Valeant will sell Paragon in its entirety to a newly created entity, Paragon Companies LLC, headed by the former president of Paragon, Joe Sicari. Under the settlement, Paragon Companies also will acquire the assets of Pelican Products LLC – a contact lens packaging company that Valeant acquired after its purchase of Paragon – that is the only producer of FDA-approved vials used for shipping some GP lenses.
According to the complaint, Valeant’s acquisition of Paragon eliminated competition between Valeant and Paragon for the sale of FDA-approved buttons used for three types of GP lenses: orthokeratology lenses, large-diameter scleral lenses, and general vision correction lenses.

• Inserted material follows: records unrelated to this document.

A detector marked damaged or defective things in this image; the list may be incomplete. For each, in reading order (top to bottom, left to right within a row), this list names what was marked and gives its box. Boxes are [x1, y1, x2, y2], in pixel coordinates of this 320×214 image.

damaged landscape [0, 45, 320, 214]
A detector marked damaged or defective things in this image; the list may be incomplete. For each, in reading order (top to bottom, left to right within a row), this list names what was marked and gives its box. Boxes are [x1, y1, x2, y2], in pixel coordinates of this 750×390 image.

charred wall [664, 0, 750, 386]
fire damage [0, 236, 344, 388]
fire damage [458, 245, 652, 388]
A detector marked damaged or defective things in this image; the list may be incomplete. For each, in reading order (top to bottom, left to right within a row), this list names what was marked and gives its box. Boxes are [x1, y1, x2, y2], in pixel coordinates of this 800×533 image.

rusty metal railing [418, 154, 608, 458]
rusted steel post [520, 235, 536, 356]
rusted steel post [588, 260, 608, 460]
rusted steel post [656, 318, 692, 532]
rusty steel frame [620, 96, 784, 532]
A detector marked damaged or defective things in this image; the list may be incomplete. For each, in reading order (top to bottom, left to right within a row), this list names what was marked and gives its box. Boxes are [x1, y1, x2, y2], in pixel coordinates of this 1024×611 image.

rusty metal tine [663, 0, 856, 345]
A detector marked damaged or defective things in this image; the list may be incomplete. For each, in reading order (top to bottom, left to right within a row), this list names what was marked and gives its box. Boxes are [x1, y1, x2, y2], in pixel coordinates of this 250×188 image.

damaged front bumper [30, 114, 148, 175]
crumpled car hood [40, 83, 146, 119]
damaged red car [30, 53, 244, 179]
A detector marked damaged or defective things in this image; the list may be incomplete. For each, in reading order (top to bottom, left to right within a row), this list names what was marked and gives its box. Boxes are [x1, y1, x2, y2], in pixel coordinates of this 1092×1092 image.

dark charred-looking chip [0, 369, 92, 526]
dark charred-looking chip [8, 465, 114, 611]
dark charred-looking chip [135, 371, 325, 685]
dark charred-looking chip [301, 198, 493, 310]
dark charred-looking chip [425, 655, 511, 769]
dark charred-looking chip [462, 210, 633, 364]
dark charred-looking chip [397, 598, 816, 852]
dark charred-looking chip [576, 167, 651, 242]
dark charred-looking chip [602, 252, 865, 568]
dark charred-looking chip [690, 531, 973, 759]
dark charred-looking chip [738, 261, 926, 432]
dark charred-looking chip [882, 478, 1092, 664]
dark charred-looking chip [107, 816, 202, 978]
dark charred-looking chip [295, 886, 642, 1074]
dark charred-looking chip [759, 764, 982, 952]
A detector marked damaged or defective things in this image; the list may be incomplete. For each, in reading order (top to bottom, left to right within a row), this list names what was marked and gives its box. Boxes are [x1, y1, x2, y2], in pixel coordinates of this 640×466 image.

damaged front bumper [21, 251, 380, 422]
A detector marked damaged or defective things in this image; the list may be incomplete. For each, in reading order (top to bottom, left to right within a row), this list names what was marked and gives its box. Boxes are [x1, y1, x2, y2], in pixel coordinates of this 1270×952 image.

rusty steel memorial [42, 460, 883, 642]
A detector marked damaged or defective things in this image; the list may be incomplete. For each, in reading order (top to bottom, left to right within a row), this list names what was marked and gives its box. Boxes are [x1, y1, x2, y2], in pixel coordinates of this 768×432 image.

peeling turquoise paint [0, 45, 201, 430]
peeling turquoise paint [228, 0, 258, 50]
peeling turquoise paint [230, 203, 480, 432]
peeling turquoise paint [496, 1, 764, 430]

The acquisition combined the two largest manufacturers of GP buttons, accounting for more than 70 percent of U.S. sales across all three button types. This allowed Valeant to exercise market power unilaterally in each button market by increasing prices, reducing volume discounts, decreasing innovation, and reducing product distribution options, according to the complaint.
Under the terms of the proposed consent order, within 10 days after the order becomes final, Valeant is required to divest Paragon in its entirety, including the Pelican assets. Further details about the consent agreement are set forth in the analysis to aid public comment for this matter.
The agreement will be subject to public comment through Dec. 7, 2016, after which the Commission will decide whether to make the proposed consent order final.